Malone, Nancy M. 1931–
Malone, Nancy M. 1931–
PERSONAL: Born September 3, 1931, in Bridgeport, CT; daughter of William A. (a real estate agent) and Mary (a musician; maiden name, Maraffi) Malone. Ethnicity: "Irish-Italian American." Education: College of New Rochelle, B.A. (with honors), 1953; Catholic University of America, M.A., 1958; Harvard University, M.T.S., 1970. Politics: Democrat. Religion: Roman Catholic.
ADDRESSES: Home and office—19 Winters St., City Island, NY 10464.
CAREER: Roman Catholic nun of the Order of St. Ursula (O.S.U.); teacher at Ursuline secondary schools in Bethesda, MD, and New Rochelle, NY, 1958–65; College of New Rochelle, teacher, 1966–67, 1970–73; Church Society for College Work, Cambridge, MA, case-studies project director, 1973–75; National Institute for Campus Ministries, Newton, MA, northeast regional director, 1975–78; Ursuline Retreat Center, director, 1978–80; Association for Religion and Intellectual Life, New Rochelle, editor, 1983–97; writer, 1997–. Seabury Press, assistant to the publisher, 1983–84. Interreligious Council of New Rochelle, member, 1994–96; reader, Fund for Theological Education, 1977–87, and Bernard Harris Scholarship Fund, 1993–99.
AWARDS, HONORS: Cited among Best Books of 2003, Publishers Weekly, for Walking a Literary Labyrinth: A Spirituality of Reading.
Walking a Literary Labyrinth: A Spirituality of Reading, Riverhead Books (New York, NY), 2003.
Contributor to books, including The Recovery of Spirit in Higher Education: Removing Anti-Judaism from the Pulpit.

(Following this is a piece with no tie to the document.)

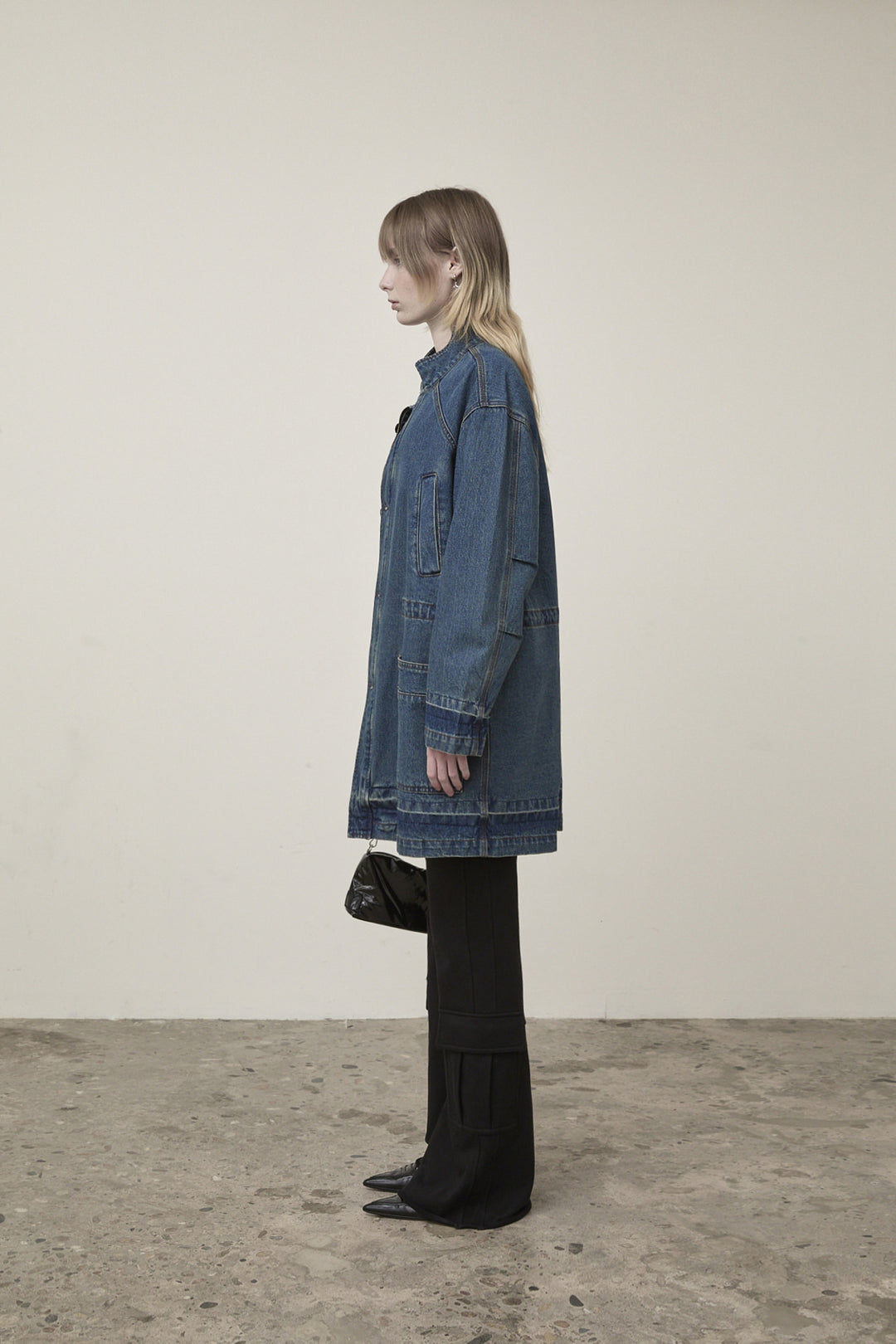 Matin Kim Pocket Point Midi Denim Jumper — Blue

Contributor to periodicals, including America, Commonweal, Review for Religious, Sisters Today, Living Faith, and Classical Bulletin. Religion and Intellectual Life, book review editor, 1983–85, editor, 1985–90; editor, CSCW Report, 1974–75, NICM Northeast Regional Newsletter, 1975–78, Province Exchange, 1979–90, and Bylines, 1987–90, 2004–; coeditor, Cross Currents, 1990–97.
WORK IN PROGRESS: Research on prayer and the Holy Spirit.

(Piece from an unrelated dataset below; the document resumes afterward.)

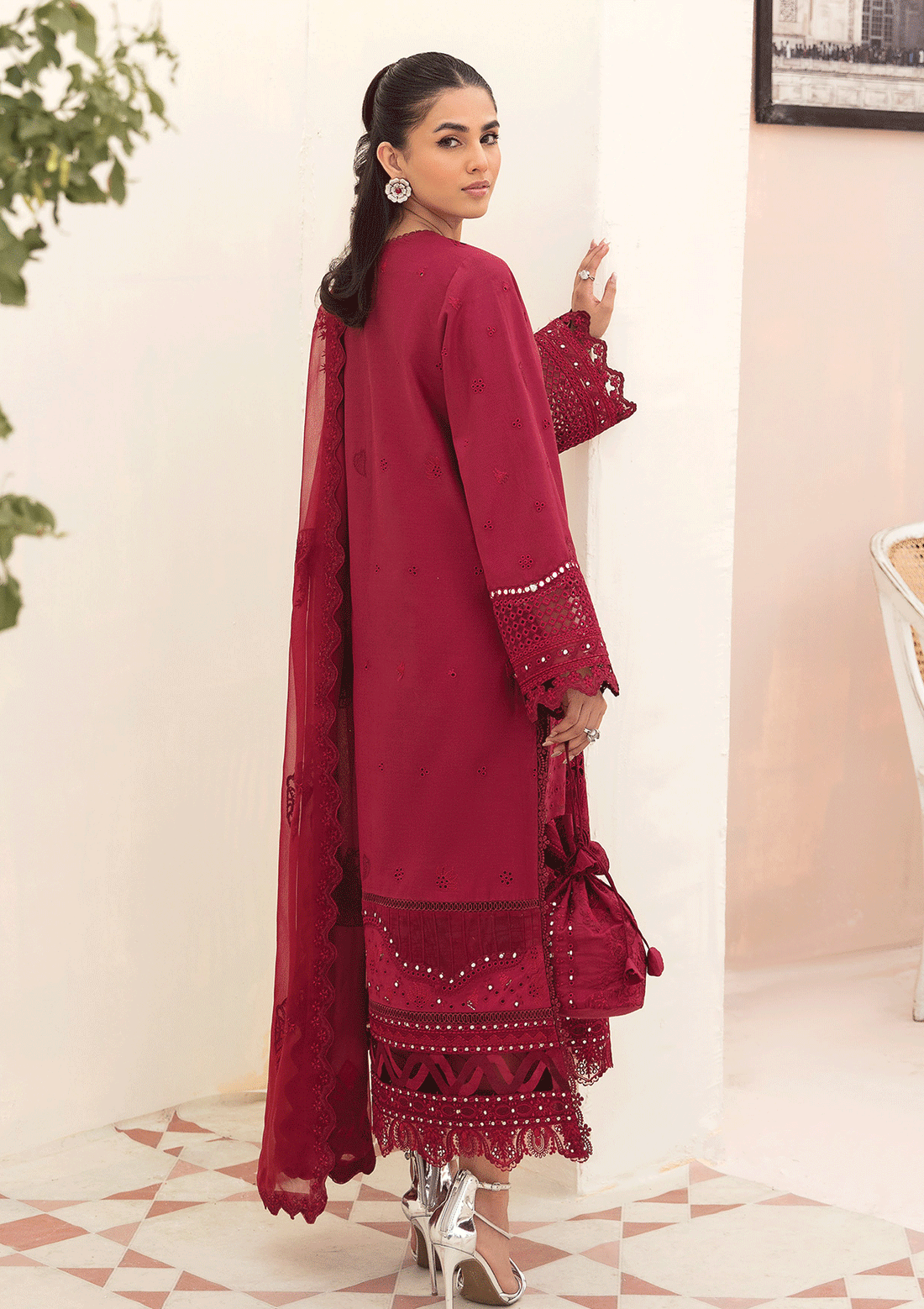 Lawn Collection - Afrozeh - Chikankari - CLARET - D#8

SIDELIGHTS: Nancy M. Malone told CA: "Checkered though my 'career' may seem, the three organizations I worked with in ministry to higher education—the Church Society for College Work, the National Institute for Campus Ministries, and the Association for Religion and Intellectual Life—were in fact successive endeavors spearheaded by the same man, the Episcopal priest, Myron B. Bloy, Jr. When the money ran out for one outfit, he sought it in or founded another, all of them devoted to the integration of our religious and intellectual lives.

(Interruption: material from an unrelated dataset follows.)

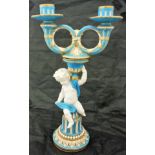 A Minton twin branch candelabra,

"My Catholic faith, the interreligious education I received, and the interreligious ministries that I have been engaged in have influenced all of my writing.
"I write, starting with a little seed of an idea or intuition, hoping to learn about and understand the matter at hand myself. Then, teacher that I am, I hope to pass what I have learned to others. Since I love to read and have been enormously influenced by what I have read, I believe that good reading is important to the life of the spirit, to being the persons we are meant to be. In like manner, I prize good writing—the careful and precise use of language—as a fine spiritual instrument, capable of expressing the complexity of what it means to be genuinely human. I try very hard to write well and clearly.
"I write first by hand, getting the ideas I'm trying to express down on paper, in however confused a manner. When I put what I have on the computer, inconsistencies, lack of clarity and order become apparent, and I correct them. I find it useful, then, to 'sleep on' what I have done, letting my subconscious do its work before I put the finishing touches on a piece. It is also—mysteriously—true that the process of writing itself brings me to insights that I did not have when I began the work.
"My own experience of life and faith—the life of the spirit—have awakened in me a desire to share my experiences with others."
BIOGRAPHICAL AND CRITICAL SOURCES:
Malone, Nancy M., Walking a Literary Labyrinth: A Spirituality of Reading, Riverhead Books (New York, NY), 2003.
Christian Century, October 18, 2003, review of Walking a Literary Labyrinth, p. 6; March 9, 2004, Barbara Brown Taylor, review of Walking a Literary Labyrinth, p. 40.
Library Journal, July, 2003, Jaime Anderson, review of Walking a Literary Labyrinth, p. 81.